In this block, the expansion for setting MODEL_TYPE_VERSION is not aware of the current values of MODEL_TYPE or MODEL_VERSION, and will therefore be set incorrectly to just _ (unless they have been set previously, in which case it will be aware only of their earlier values). As such, variables depending on other variables must be set in a separate, subsequent ENV statement than the variables they depend on.

Once the model has build and is working we can add it to the PEcAn stack and be able to use this model in the web interface. There are two methods to start this new model. First, we can add it to the docker-compose.yml file and start the container using docker-compose -p pecan -d up.

  sipnet:
    image: pecan/model-ed2-git
    networks:
      - pecan
    volumes:
      - pecan:/data
    depends_on:
       - rabbitmq
    restart: unless-stopped

Alternatively we can start the container manually using the following command.

docker run \
    --detach \
    --rm \
    --name pecan-ed2-git \
    --networks pecan_pecan \
    --volume pecan_pecan:/data
    pecan/model-ed2-git

24.5.3 Common problems

Following are some solutions for common problems that you might encounter when building the docker images for a model.

24.5.4 Debugging missing libraries

When building the model binary it might require specific libraries to be installed. In the second stage the model binary is copied into a new image, which could result in the binary missing specific libraries.
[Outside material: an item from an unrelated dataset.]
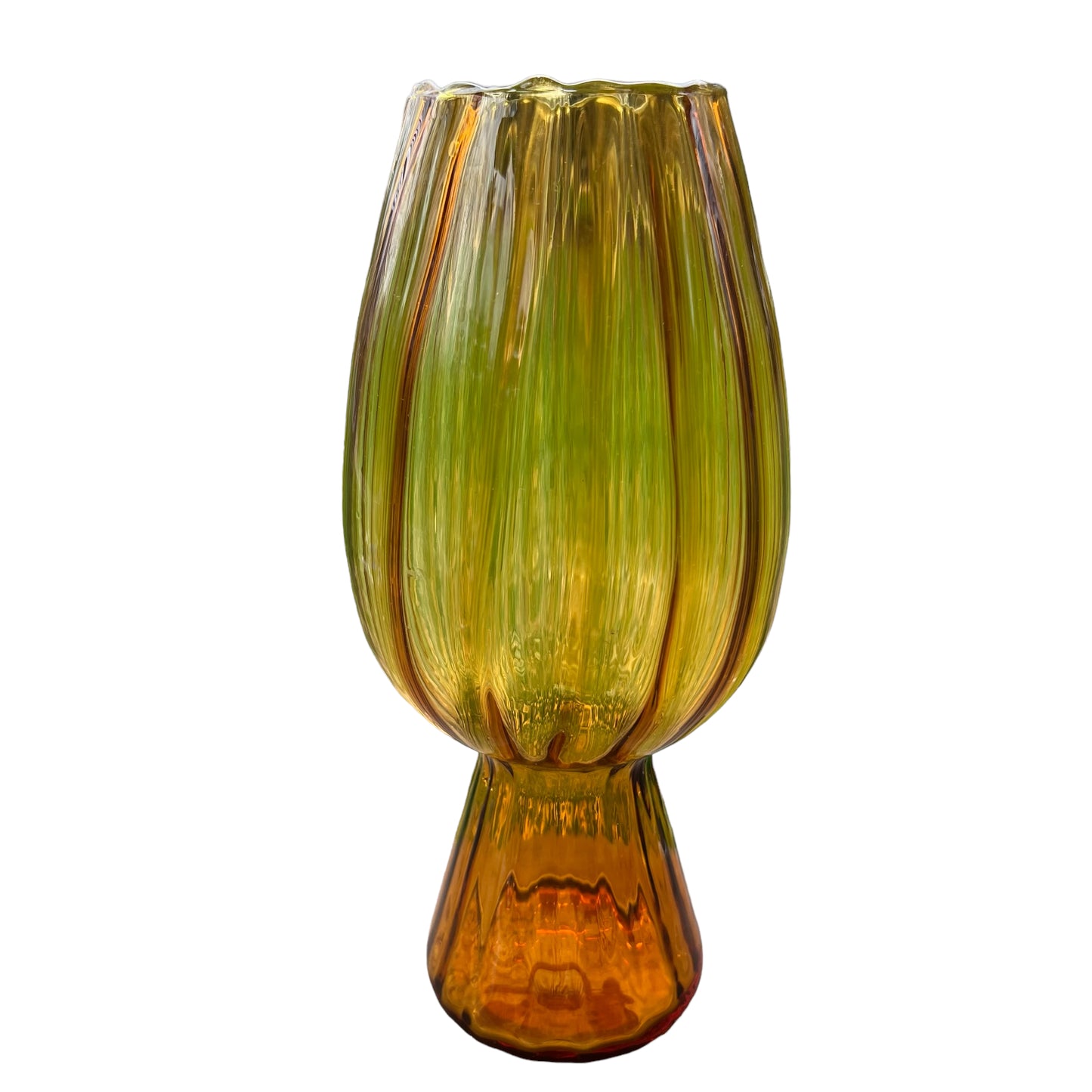 Vintage mid century modern Empoli amber ribbed art glass vase 10.5”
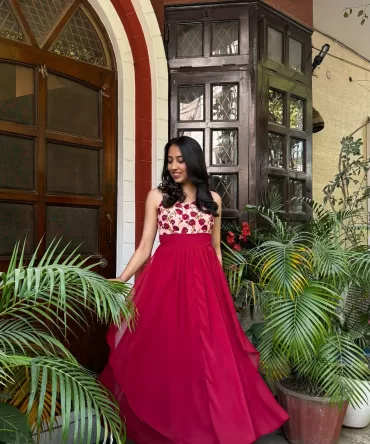 Petals Layered Maxi Dress – Maroon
In the case of the ED2 model the following was used to find the libraries that are needed to be installed (libgfortran5 and libopenmpi3).

The first step is to build the model using the Dockerfile (in this case the ap-get install was missing in the second stage).
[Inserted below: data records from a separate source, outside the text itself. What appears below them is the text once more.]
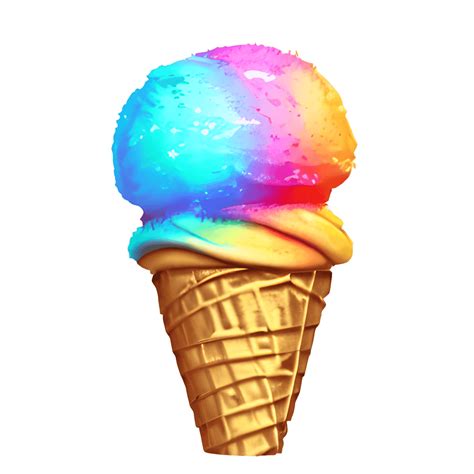 Vintage Drawing Of Rainbow Colors Sherbert Ice Cream Cone Creative Fabrica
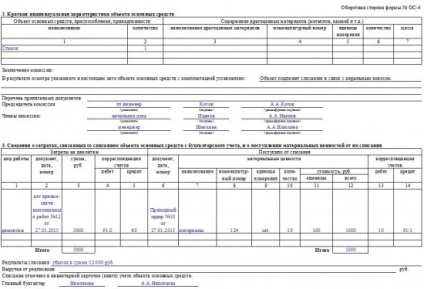 Actul privind eliminarea activelor fixe din formularul os-4 - descărcare eșantion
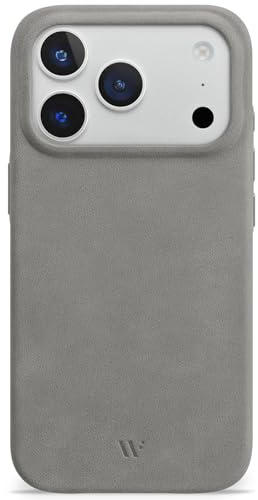 WIIUKA Hülle für iPhone 17 Pro, Leder aus Deutschland, 360° Schutz, Lederhülle extra Dünn, Premium Handyhülle, Case, Qi, skiin VL, Vintage Grau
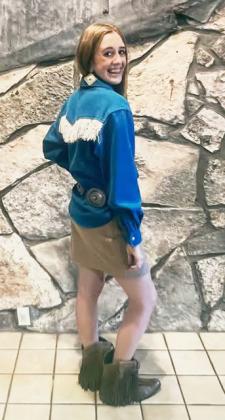 Makenzie Wright with her state award winning wool outfit that she took to the national Make It With Wool contest last week. Courtesy photo.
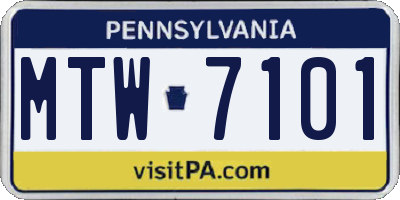 PA license plate MTW7101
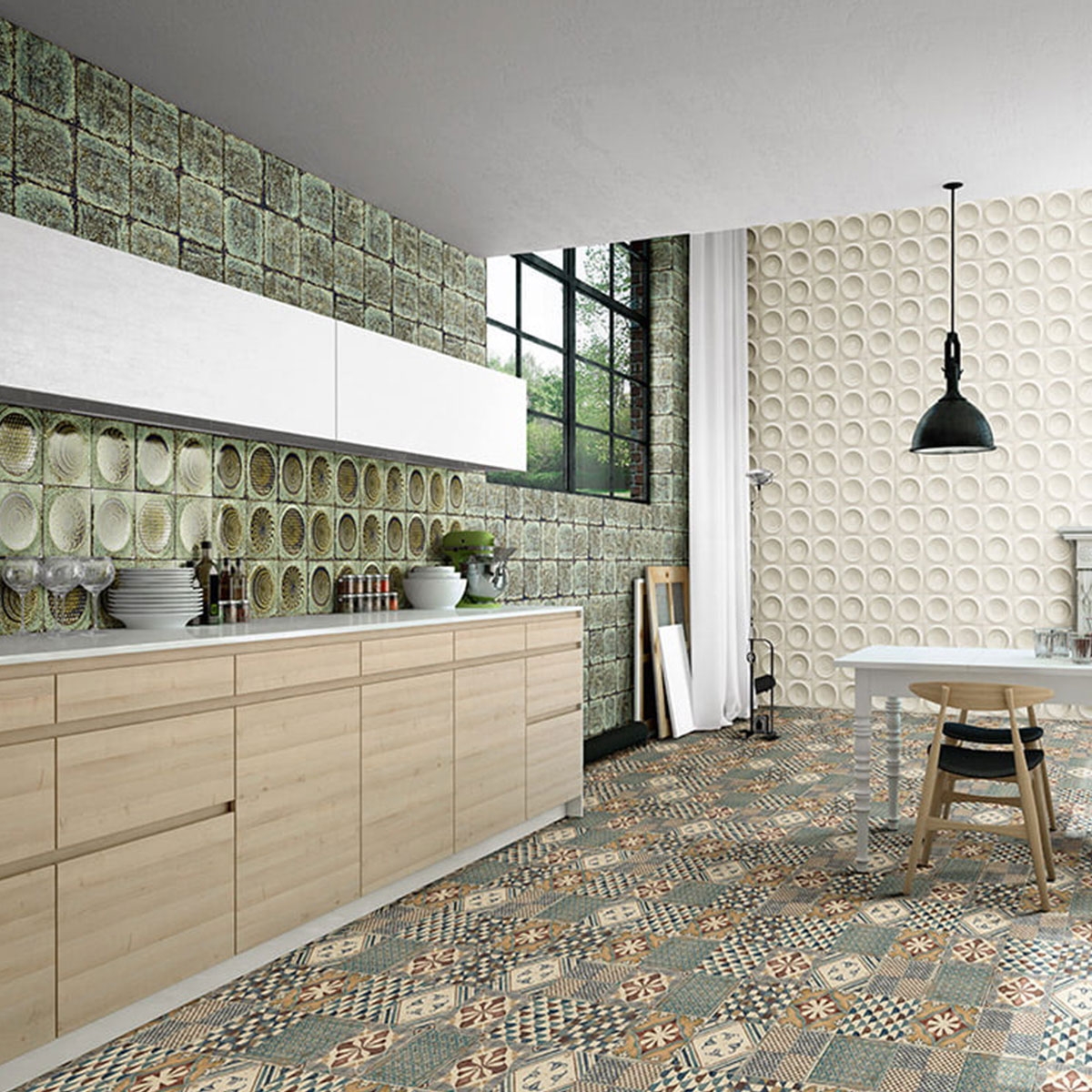 Small format wall tile Mainzu - Shapes Emerald 20x20 cm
Step 5/9 : RUN git clone https://github.com/EDmodel/ED2.git     && cd ED2/ED/build     && curl -o make/include.mk.VM http://isda.ncsa.illinois.edu/~kooper/EBI/include.mk.opt.`uname -s`     && if [ "${MODEL_VERSION}" != "git" ]; then git checkout ${MODEL_VERSION}; fi     && ./install.sh -g -p VM
... LOTS OF OUTPUT ...
make[1]: Leaving directory '/src/ED2/ED/build/bin-opt-E'
Installation Complete.
Removing intermediate container a53eba9a8fc1
 ---> 7f23c6302130
Step 6/9 : FROM pecan/executor:latest
 ---> f19d81b739f5
... MORE OUTPUT ...
Step 9/9 : COPY --from=model-binary /src/ED2/ED/build/ed_2.1-opt /usr/local/bin/ed2.${MODEL_VERSION}
 ---> 07ac841be457
Successfully built 07ac841be457
Successfully tagged pecan/pecan-ed2:latest

At this point we have created a docker image with the binary and all PEcAn code that is needed to run the model. Some models (especially those build as native code) might be missing additional packages that need to be installed in the docker image. To see if all libraries are installed for the binary.
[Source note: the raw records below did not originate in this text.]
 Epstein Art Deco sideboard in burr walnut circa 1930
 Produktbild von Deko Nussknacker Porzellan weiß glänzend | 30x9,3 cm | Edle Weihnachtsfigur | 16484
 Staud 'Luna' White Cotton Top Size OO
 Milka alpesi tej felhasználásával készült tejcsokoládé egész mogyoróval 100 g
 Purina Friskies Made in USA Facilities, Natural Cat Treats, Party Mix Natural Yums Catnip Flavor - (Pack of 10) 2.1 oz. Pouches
> docker run -ti --rm pecan/pecan-ed2 /bin/bash
root@8a95ee8b6b47:/work# ldd /usr/local/bin/ed2.git  | grep "not found"
    libmpi_usempif08.so.40 => not found
    libmpi_usempi_ignore_tkr.so.40 => not found
    libmpi_mpifh.so.40 => not found
    libmpi.so.40 => not found
    libgfortran.so.5 => not found

Start the build container again (this is the number before the line FROM pecan/executor:latest, 7f23c6302130 in the example), and find the missing libraries listed above (for example libmpi_usempif08.so.40):

> docker run --rm -ti 7f23c6302130
root@e716c63c031f:/src# dpkg -S libmpi_usempif08.so.40
libopenmpi3:amd64: /usr/lib/x86_64-linux-gnu/openmpi/lib/libmpi_usempif08.so.40.10.1
libopenmpi3:amd64: /usr/lib/x86_64-linux-gnu/libmpi_usempif08.so.40.10.1
libopenmpi3:amd64: /usr/lib/x86_64-linux-gnu/libmpi_usempif08.so.40

This shows the pages is libopenmpi3 that needs to be installed, do this for all missing packages, modify the Dockerfile and rebuild. Next time you run the ldd command there should be no more packages being listed.